The story of GROWL
- Author: Judy Horacek
- Illustrator: Judy Horacek
- Language: English
- Genre: Children's picture book
- Published: 2007 (Penguin)
- Publication place: Australia
- Media type: Print (paperback, hardback)
- Pages: 32 (unpaginated)
- ISBN: 9780670070459
- OCLC: 225081975

= The Story of Growl =

Book by Judy Horacek

The Story of GROWL is a 2007 Children's picture book by Judy Horacek.

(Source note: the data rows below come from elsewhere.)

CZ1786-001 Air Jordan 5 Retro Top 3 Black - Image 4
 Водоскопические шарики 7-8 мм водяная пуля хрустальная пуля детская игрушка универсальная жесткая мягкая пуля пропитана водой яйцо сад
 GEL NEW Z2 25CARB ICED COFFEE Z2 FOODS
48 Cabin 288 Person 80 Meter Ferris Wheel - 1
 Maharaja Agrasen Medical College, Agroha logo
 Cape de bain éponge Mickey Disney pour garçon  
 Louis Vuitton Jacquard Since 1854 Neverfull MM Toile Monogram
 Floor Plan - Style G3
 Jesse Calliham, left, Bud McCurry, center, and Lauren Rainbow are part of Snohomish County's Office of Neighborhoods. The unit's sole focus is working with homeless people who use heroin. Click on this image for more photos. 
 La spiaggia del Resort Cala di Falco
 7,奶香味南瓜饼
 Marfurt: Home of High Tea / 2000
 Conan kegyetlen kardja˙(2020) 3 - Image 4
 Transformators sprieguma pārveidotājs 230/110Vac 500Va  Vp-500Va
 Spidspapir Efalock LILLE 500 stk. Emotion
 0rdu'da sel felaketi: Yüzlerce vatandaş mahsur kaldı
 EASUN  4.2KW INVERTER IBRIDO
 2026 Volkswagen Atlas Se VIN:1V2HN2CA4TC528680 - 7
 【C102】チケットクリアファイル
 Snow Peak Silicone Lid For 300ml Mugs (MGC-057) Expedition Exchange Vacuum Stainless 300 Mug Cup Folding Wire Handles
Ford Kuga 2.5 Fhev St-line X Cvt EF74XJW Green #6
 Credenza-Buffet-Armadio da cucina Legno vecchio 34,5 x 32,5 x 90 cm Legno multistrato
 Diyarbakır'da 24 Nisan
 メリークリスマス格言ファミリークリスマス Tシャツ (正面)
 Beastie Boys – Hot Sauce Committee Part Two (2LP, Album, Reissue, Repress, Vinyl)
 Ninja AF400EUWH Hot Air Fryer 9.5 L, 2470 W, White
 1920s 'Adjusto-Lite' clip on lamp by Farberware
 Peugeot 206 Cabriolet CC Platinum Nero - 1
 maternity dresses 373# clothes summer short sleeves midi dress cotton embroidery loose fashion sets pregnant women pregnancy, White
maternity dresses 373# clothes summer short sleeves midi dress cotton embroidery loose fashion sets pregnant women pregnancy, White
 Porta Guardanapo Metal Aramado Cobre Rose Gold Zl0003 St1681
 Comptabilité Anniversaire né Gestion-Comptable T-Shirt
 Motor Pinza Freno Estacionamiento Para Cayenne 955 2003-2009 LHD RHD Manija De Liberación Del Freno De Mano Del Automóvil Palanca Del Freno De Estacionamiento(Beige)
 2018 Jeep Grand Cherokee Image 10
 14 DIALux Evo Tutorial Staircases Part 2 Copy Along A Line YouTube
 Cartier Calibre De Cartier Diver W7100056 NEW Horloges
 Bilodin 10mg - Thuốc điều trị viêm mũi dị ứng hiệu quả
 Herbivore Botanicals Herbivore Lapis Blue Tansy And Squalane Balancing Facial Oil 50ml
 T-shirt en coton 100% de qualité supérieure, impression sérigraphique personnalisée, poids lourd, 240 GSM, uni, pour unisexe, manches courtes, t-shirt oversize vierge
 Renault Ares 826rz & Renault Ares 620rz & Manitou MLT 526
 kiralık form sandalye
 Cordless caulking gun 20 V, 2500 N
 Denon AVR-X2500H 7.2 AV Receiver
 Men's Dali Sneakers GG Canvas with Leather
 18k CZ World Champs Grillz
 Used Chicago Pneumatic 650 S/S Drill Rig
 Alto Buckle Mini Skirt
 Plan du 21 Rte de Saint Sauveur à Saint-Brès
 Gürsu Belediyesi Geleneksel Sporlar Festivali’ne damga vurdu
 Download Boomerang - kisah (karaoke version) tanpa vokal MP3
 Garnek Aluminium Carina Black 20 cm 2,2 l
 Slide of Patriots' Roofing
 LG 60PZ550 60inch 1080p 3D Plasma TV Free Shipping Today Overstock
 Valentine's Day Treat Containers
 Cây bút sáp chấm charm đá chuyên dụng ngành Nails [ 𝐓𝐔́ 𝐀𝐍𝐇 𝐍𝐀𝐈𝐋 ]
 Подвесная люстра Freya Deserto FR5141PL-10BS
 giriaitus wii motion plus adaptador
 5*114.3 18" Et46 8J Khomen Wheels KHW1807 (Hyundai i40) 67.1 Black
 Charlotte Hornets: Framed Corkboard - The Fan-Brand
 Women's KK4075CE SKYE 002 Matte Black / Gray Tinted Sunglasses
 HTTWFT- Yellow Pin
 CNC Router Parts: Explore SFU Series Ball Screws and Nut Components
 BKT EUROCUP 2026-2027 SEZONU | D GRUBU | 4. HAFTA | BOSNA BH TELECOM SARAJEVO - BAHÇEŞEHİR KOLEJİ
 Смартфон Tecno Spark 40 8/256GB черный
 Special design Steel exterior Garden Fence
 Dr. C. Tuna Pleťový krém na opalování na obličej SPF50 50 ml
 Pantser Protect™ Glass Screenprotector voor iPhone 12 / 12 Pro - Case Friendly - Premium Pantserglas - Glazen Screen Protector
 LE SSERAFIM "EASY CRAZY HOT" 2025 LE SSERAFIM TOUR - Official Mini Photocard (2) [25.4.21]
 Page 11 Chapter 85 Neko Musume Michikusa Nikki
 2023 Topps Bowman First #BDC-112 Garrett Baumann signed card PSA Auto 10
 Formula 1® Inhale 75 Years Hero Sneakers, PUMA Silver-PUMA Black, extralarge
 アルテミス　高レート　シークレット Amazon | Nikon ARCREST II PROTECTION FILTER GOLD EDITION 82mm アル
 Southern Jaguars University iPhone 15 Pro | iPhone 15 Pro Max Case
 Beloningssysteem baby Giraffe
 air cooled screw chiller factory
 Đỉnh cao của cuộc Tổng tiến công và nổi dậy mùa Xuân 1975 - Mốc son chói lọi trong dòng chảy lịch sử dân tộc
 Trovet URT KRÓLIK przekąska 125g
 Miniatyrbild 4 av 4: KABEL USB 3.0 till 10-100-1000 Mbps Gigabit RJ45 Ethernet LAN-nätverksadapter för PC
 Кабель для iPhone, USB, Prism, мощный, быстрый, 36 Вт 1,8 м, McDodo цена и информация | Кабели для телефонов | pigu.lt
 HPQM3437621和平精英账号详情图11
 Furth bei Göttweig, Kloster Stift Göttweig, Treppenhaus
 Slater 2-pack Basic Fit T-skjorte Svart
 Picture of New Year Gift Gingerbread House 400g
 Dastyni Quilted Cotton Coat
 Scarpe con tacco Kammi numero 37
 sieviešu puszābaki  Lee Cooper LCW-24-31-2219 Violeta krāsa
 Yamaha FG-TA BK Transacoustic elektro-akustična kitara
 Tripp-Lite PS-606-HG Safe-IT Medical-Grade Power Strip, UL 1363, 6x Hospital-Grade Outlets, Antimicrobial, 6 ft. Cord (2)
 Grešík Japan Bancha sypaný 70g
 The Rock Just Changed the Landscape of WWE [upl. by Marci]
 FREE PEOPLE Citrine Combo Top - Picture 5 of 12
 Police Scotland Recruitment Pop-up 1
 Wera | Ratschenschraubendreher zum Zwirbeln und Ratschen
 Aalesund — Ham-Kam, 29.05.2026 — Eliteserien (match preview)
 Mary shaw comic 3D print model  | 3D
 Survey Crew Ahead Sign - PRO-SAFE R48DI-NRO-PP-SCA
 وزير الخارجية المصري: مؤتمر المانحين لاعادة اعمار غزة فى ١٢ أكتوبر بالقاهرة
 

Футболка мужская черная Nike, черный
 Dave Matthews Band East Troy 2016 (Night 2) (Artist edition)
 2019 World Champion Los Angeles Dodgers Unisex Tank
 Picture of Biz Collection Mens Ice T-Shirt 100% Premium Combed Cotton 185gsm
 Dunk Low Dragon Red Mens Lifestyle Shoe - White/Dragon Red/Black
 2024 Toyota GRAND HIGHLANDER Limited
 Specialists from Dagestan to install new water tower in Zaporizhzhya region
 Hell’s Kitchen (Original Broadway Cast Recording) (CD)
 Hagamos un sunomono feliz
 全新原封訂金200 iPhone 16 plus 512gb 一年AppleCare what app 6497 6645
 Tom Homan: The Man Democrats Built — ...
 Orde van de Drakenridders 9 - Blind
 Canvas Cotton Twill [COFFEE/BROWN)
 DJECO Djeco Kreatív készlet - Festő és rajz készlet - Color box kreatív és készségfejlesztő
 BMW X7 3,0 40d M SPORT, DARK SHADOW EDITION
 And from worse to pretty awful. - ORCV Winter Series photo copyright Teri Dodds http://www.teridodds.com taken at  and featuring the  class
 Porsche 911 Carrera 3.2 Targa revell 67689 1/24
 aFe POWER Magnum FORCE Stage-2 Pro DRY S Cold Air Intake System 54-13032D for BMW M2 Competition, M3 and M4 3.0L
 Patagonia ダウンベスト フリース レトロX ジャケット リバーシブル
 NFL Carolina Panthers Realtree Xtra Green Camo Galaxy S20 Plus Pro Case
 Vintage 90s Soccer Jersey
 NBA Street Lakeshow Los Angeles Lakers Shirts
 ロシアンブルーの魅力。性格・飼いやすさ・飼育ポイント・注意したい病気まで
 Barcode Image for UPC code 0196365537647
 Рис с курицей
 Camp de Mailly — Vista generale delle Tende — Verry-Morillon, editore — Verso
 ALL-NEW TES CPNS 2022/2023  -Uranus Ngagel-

It is about a little female monster, Growl, who loves to growl, is banned from growling for disturbing the neighbours, but is then allowed to resume growling after scaring a burglar.

==Reception==
Publishers Weekly, reviewing The Story of GROWL, wrote "Horacek (illustrator of Where Is the Green Sheep? ) draws goofy cartoons with a genial, contemporary look, and Growl exudes a Pokémonesque charm: her saw-toothed smile is hard to resist. The text leaves little to the imagination (“Growl was the saddest she'd ever been.... She tried to run around her garden, but running is hard when you're trying not to cry”), but frequent cues to say “growl” as loudly as possible will invigorate readers." and The Horn Book Magazine wrote "Learning when it's appropriate to be loud is a lesson that will resonate with kids. Simple cartoon-style illustrations incorporating bold black growls encourage a spirited reading aloud."

The Story of GROWL has also been reviewed by Kirkus Reviews, School Library Journal, Reading Time, and Catholic Library World.